> **EXERCISE GOAL**
Copy, word for word, the lines below from the one containing "20150712-2.jpg" up to and including the one containing "Moorland landscape with", with pictures left out.

━━━ RECORDS FOR THE EXERCISE

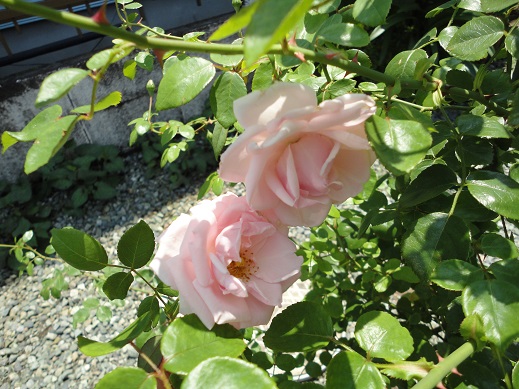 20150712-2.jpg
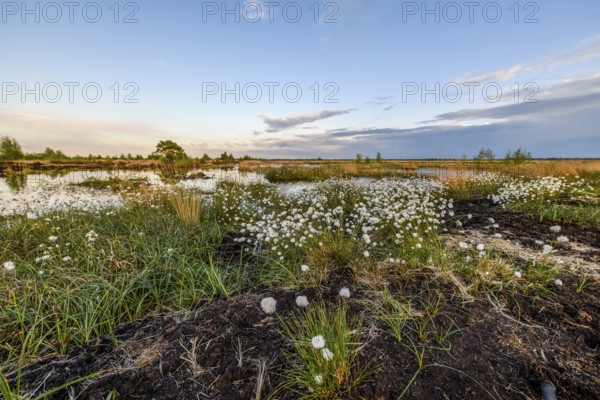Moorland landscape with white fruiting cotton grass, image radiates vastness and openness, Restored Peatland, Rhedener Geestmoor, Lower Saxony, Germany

━━━━━━
━━━ RECORDS FOR THE EXERCISE

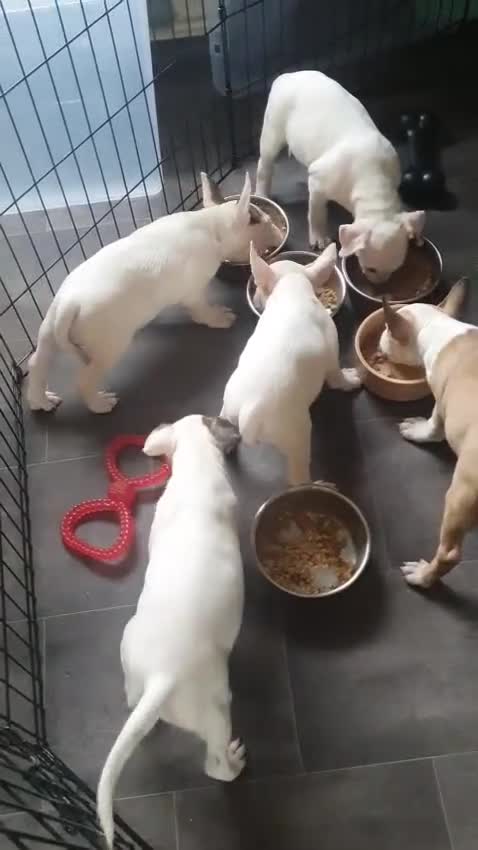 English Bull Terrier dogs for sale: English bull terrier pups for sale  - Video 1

━━━━━━

> **OUTPUT OF THE EXERCISE**
 20150712-2.jpg
Moorland landscape with white fruiting cotton grass, image radiates vastness and openness, Restored Peatland, Rhedener Geestmoor, Lower Saxony, Germany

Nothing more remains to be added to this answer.